■ Task
Would you print only the lines running from the one with "QR Code for" to the final line of the data below, word for word and without pictures?

◆ ◆ ◆ ◆

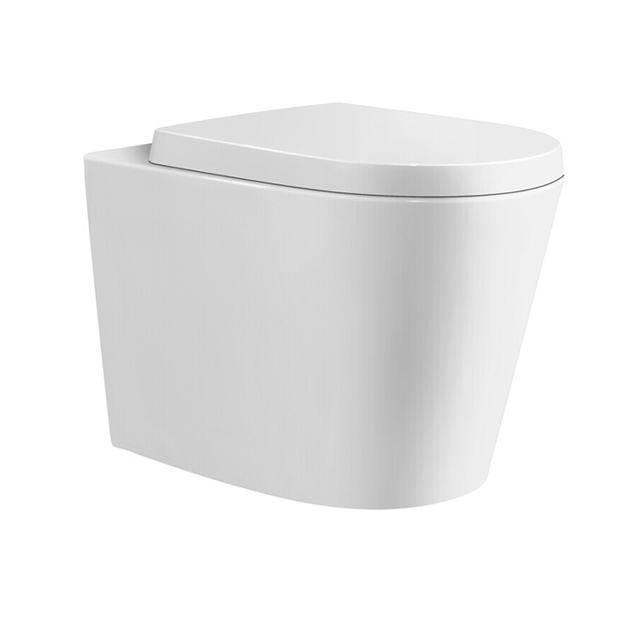 Hot Sanitary Ware Floor Mounted Watermark One Piece Cheap Toilets Bathroom Ceramic Wc Toilet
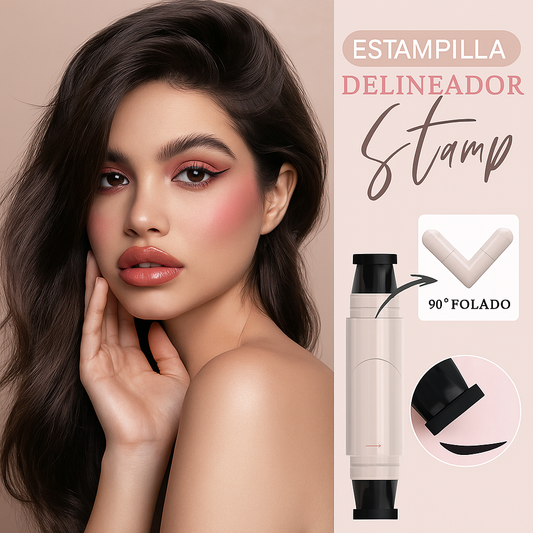 ¡Define tu mirada con intensidad y duración extrema, ¡sin manchar ni irritar! Paga 1 y Recibe el segundo GRATIS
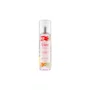 Spray Corporal Alegria Contagiante 200ml | L'Occitane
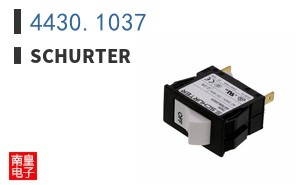 4430.1037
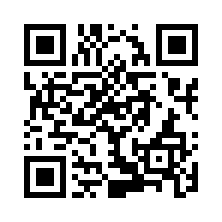 QR Code for 14B3LQoaBywZ5vD73VSrn1572conW9g9dF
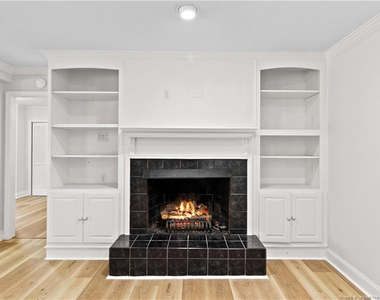 120 Dundee Road - Photo Thumbnail 17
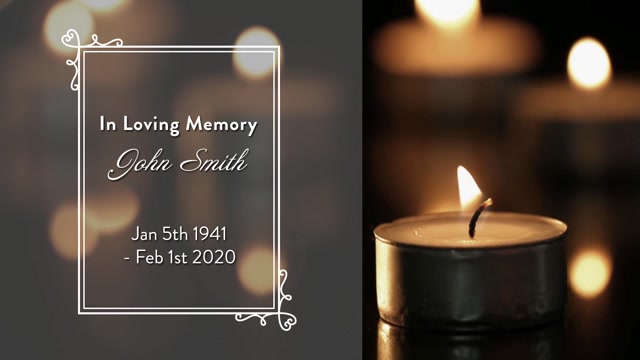 Royalty-Free Grave Templates - Storyblocks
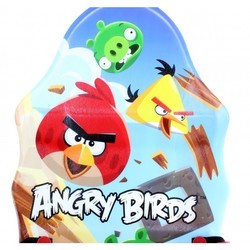 Санки Angry Birds T56333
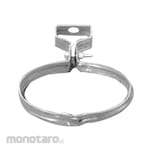 Non Brand Clamp Hanger (Breket Gantungan Pipa)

◆ ◆ ◆ ◆

■ Written solution
 QR Code for 14B3LQoaBywZ5vD73VSrn1572conW9g9dF
 120 Dundee Road - Photo Thumbnail 17
 Royalty-Free Grave Templates - Storyblocks
 Санки Angry Birds T56333
 Non Brand Clamp Hanger (Breket Gantungan Pipa)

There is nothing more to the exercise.